Family & divorce lawyer
Dr Craig Jensen Lawyers provide legal advice and guidance to people regarding their legal obligations, rights and options in the event of a breakdown of their marriage or partnership.
If you are considering separating from your partner, or you have already separated, seek legal advice immediately. Dr Craig Jensen Lawyers can support you in navigating the complexities of Australian laws regarding divorce and separation. They can also assist with identifying your legal rights and how the law applies to your circumstances.
FAQs on Divorce and Family Law
You can apply for a divorce in Australia if either you or your spouse:
- Regard Australia as your home and intend to live in Australia indefinitely, or
- Are an Australian citizen by birth, descent or by a grant of Australian citizenship, or
- Ordinarily live in Australia and have done so for 12 months immediately before filing for divorce.
You need to satisfy the Court that you and your spouse have been separated for at least 12 months prior to your application for divorce and that there is no reasonable likelihood of resuming married life. It is possible to live together in the same home and still be separated.
If you have been separated for more than 12 months, there a few opportunities to oppose a divorce application - you can only oppose the divorce when:
- there has not been 12 months separation as alleged in the application, or
- the Court does not have jurisdiction.
If you do not want the divorce granted, you must complete and file a Response to Divorce application and appear in person on the hearing date. You need to set out the grounds on which you seek the dismissal in the Response to Divorce.

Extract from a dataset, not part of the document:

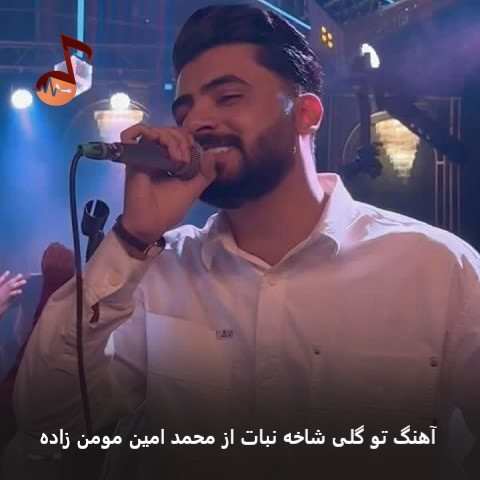 دانلود آهنگ تو گلی شاخه نبات محمد امین مومن زاده (بندری) دانلود آهنگ تو گلی شاخه نبات محمد امین مومن زاده (بندری)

If you disagree with details in the Application for Divorce, you may file a Response to Divorce. You will need to state the facts that you disagree with in the Response to Divorce. You do not need to attend the hearing.
If you want to file a Response to Divorce, you need to file it:
- if served in Australia – within 28 days of the application being served on you, or
- if served outside of Australia – within 42 days of the application being served on you.
No children under 18
If there is no child of the marriage aged less than 18 years, you are not required to attend the court hearing. This applies to both sole and joint applications.

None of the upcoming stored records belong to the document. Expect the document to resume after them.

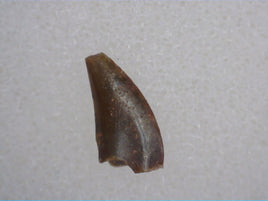 Triassic Dinosaur (Coelophysis?) Tooth
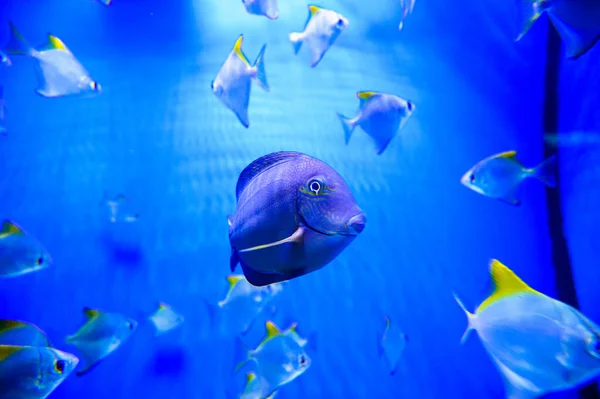 Close Shot Underwater World — 스톡 사진
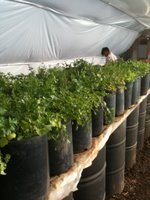 Winter Greens and Herbs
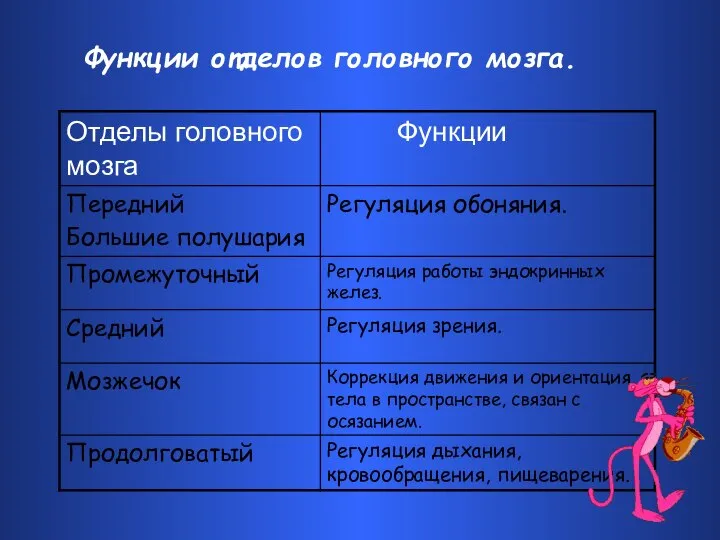 Функции отделов головного мозга.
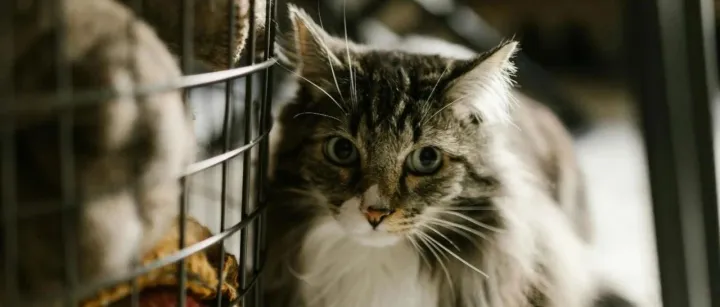 中宠、佩蒂之后，乖宝宠物为什么也要在新西兰建厂？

Joint application with children under 18
If you have made a joint application, you and your spouse are not required to attend the court hearing (even if there is a child of the marriage aged under 18).
Sole application with children under 18
If you have made a sole application and there is a child of the marriage aged under 18 years, you (the applicant) are required to attend the court hearing unless circumstances prevent you from attending (see below).
If there is no Response to Divorce, the other party is not required to attend, although they may do if they wish.